Formal Verification with Agents

February 2026

Formal Verification and Property-Based Testing with AI Agents

References:

AI and the Future of Formal Verification (Martin Kleppmann, December 2025)
Property-Based Testing (Anthropic Red, 2026)
Property-Based Testing in Practice (Kiro)

The Core Thesis

Martin Kleppmann's argument is simple but profound:

LLMs are bad at formal verification, but they're excellent at writing specifications that humans can verify.

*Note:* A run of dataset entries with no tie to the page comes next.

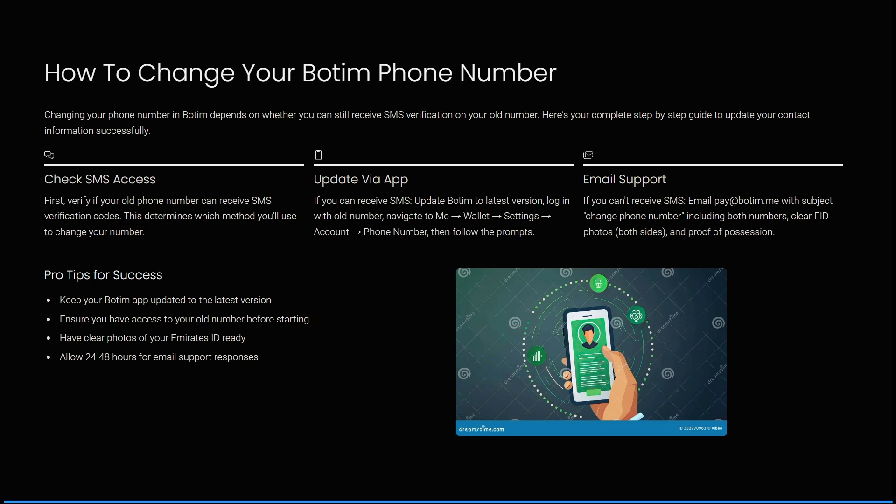Here are some additional tips. Make sure you keep your Botim app updated to the latest version at all times. Ensure that you have access to your old number before starting, and have clear photos of your Emirates ID ready. Allow 24 to 48 hours for email support responses.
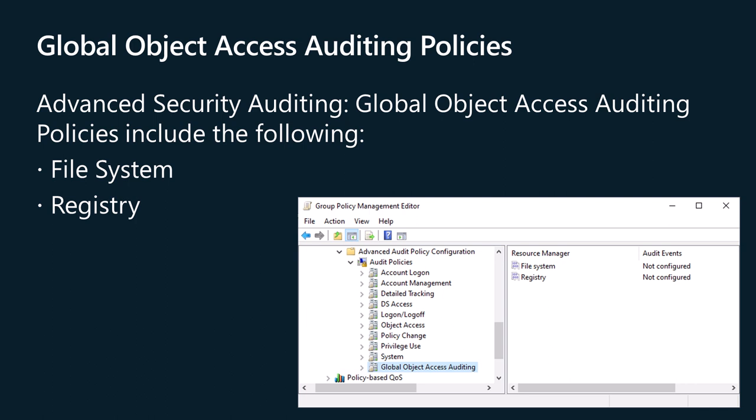Resource SACLs are also useful for diagnostic scenarios. For example, you want to figure out which object in a system is denying a user access. You can set the Global Object Access Auditing Policy to log all the activities for that specific user, enable the policy to track access denied events for the file system or registry, and check the event log to determine which items are generating the results. If both a file or folder SACL and a global object access auditing policy setting are configured on a computer, the effective SACL is derived from combining the file or folder SACL and the global object access auditing policy.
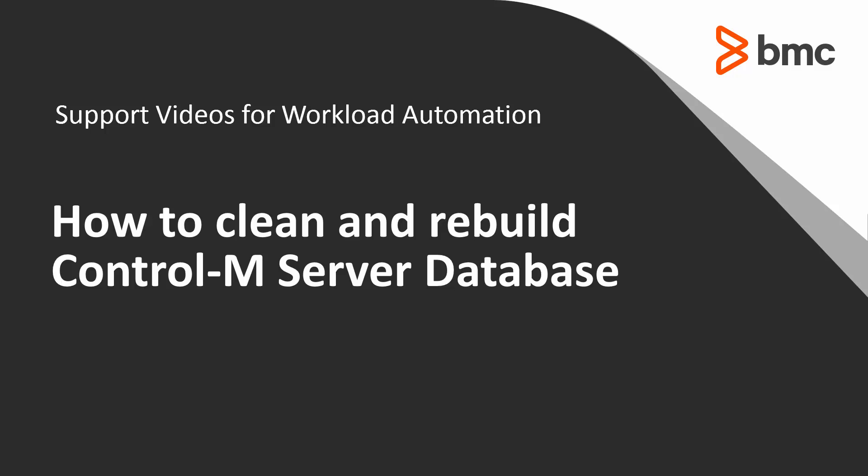Welcome to the support videos for workload automation video series. This video will demonstrate how to clean and rebuild Control-M Server database.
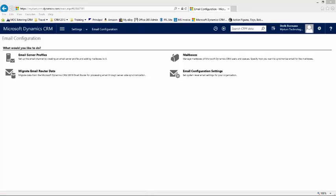Thanks for watching our session on how to configure and administrate email folder tracking in Dynamics CRM 2015. In our next session I'll walk you through from a user perspective how to consume and use the new feature.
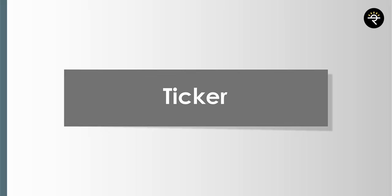You can also compare or add symbols. For example, if you want to compare TCS with Infosys, you click the plus sign, type Infosys, click it, and then you can compare how TCS has performed versus Infosys. However, it can get a bit cluttered when comparing two at once, so I personally believe you should go one by one. If I want to remove Infosys, I just hover around it and click the cross mark.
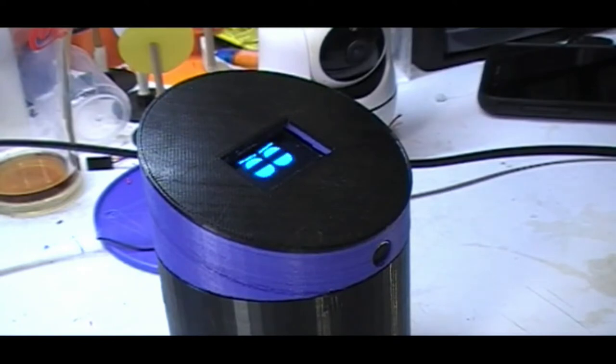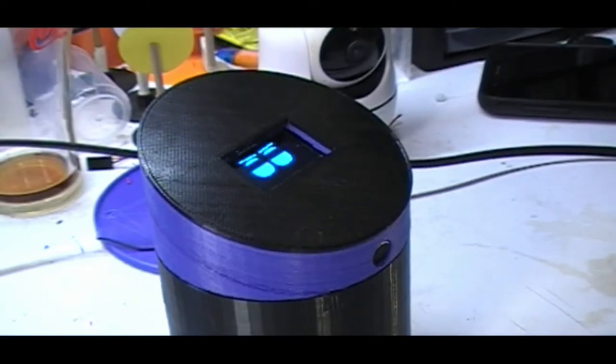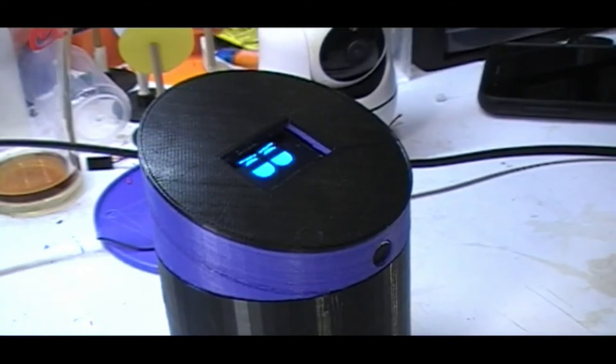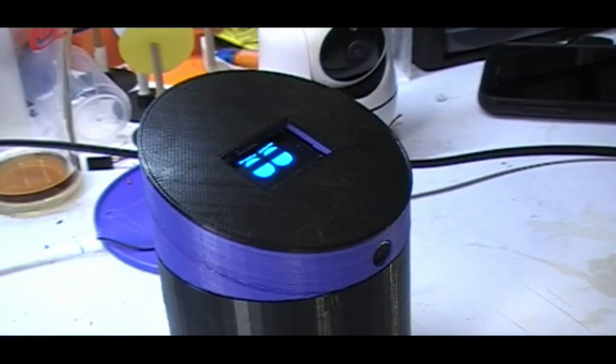You're able to detect phonemes within the speech and also the level of the speech so that you can have some sort of conversation with your Arduino.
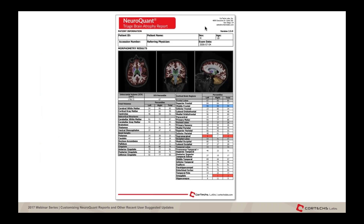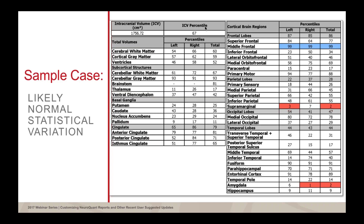The z-scores have been removed entirely. The outline of the report is effectively the same as before — color coding on the top saying NeuroQuant Triage Brain Atrophy Report, site information on the right-hand side, and now we are adding below that the version number of the report. So in our case it's version 2.3.0, then all the patient information below that. The cross-section through the hippocampus has not changed at all.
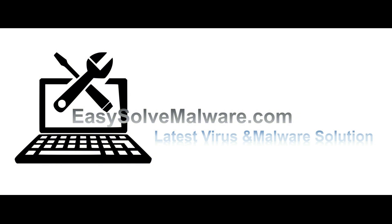That's all. Thank you watching the video from EasySolveMalware.com. We hope it solved your problem.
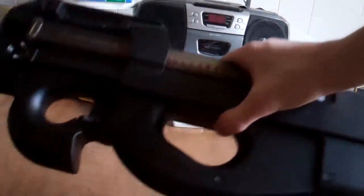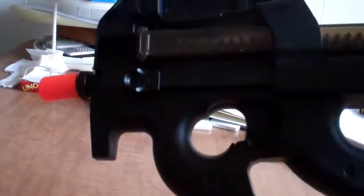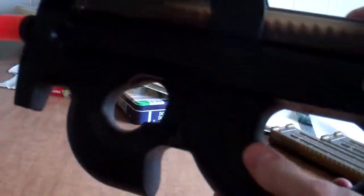And here's the P90 with the buttstock extension on. It doesn't make it too much longer. You can obviously see it right here, the discolored part.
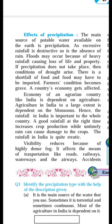An excessive rainfall is destructive, and so is the absence of rain. Heavy rainfall is destructive. Floods occur because of heavy rainfall, causing loss of life and property.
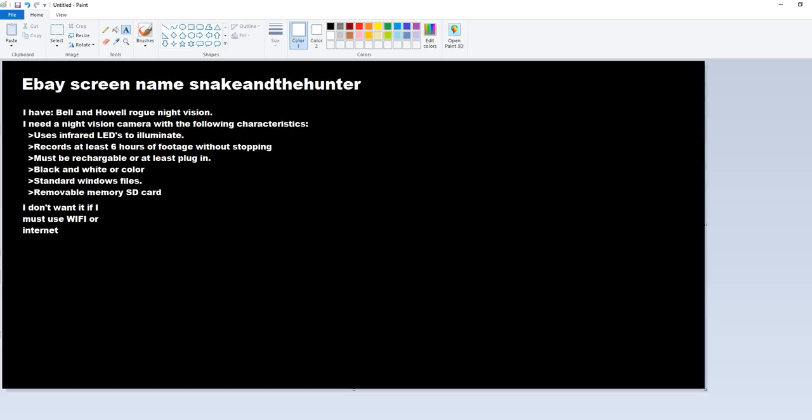So doesn't go through Wi-Fi, doesn't go through the Internet. SD cards. At least six hours. Infrared LEDs to illuminate. Monochrome glow at night is going to be okay. It'll have a display of some kind, that's fine. It's going to be rechargeable, or I have to be able to plug it in so I can run it for at least six hours continuously. Standard Windows files. That's about it.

The economics of formal verification have always been brutal:

seL4: ~23 lines of proof per line of code
CompCert: ~10+ years of effort for a verified C compiler
Most teams can't afford this

But LLMs change the equation in a different way. They can:

Generate specifications - Natural language or semi-formal descriptions of intended behavior
Suggest invariants - Properties that should always hold
Write property tests - Executable checks that verify behavior
Translate between levels - Informal to formal, code to spec, spec to test

Property-Based Testing: The Practical Middle Ground

Formal verification proves correctness. Property-based testing (PBT) finds incorrectness.

How PBT Works

// Example: fast-check property test
fc.assert(
  fc.property(
    fc.string(),                    // Any string as input
    (s) => {
      const encoded = base64Encode(s);
      const decoded = base64Decode(encoded);
      return decoded === s;         // Round-trip invariant
    }
  )
)

The framework generates hundreds or thousands of random inputs automatically. You define properties (invariants), not specific test cases.

Common Property Shapes

Property Type	Description	Example
Round-trip	Encode/decode returns original	JSON.parse(JSON.stringify(x))
Idempotence	f(f(x)) == f(x)	Math.abs(Math.abs(x))
Commutativity	f(a, b) == f(b, a)	a + b
Associativity	f(f(a, b), c) == f(a, f(b, c))	(a + b) + c
Identity	f(x, identity) == x	x + 0
Invariance	Property P holds before and after	List length after sort equals before
No exceptions	Never crashes on valid input	Parser handles any input

Agent Patterns for Verification

Pattern 1: Specification Generation

Agent Task: Given this code, generate a specification

Input: Source code
Output: Natural-language specification of behavior

Use when: Code exists but documentation is missing

Pattern 2: Invariant Discovery

Agent Task: Identify invariants that should hold for this system

Input: Code + specification
Output: List of properties that should always be true

Use when: You need to understand what to test

Pattern 3: Property Test Generation

Agent Task: Generate property-based tests from this specification

Input: Specification
Output: Executable property tests (fast-check, Hypothesis, etc.)

Use when: You have a spec but no tests

The "Vericoding" Workflow

Traditional development: Write code, write tests, hope it works.

Vericoding: Write spec, generate properties, generate tests, write code, verify.

Intention (What should this do?)
    |
    v
Spec (Formal or semi-formal description)
    |
    v
Properties (Invariants that should hold)
    |
    v
Tests (PBT or example-based)
    |
    v
Code (Implementation)
    |
    v
Verify (Run tests, check properties)

Tools and Frameworks

Property-Based Testing

Language	Framework	Link
JavaScript/TypeScript	fast-check	github.com/dubzzz/fast-check
Python	Hypothesis	hypothesis.works
Rust	proptest	github.com/AltSysrq/proptest
Go	gopter	github.com/leanovate/gopter
Java	jqwik	jqwik.net

Practical Recommendations

Start with PBT, not formal verification - The ROI is much higher
Use agents for spec generation, not proof - They're better at writing than proving
Human review of specs is mandatory - Agents can produce plausible-but-wrong specifications
Properties over examples - One well-chosen property is worth 100 example tests
Round-trip tests are your friend - They catch an enormous class of bugs

The Ceiling

Current AI agents cannot:

Reliably prove mathematical theorems
Verify concurrent systems without human guidance
Replace formal methods for safety-critical systems

But they can:

Generate specifications that humans can verify
Write property tests that catch real bugs
Explore state spaces faster than manual testing
Act as semantic oracles for non-deterministic output

The sweet spot is human + agent + property testing. Not agent alone. Not formal verification alone. The combination.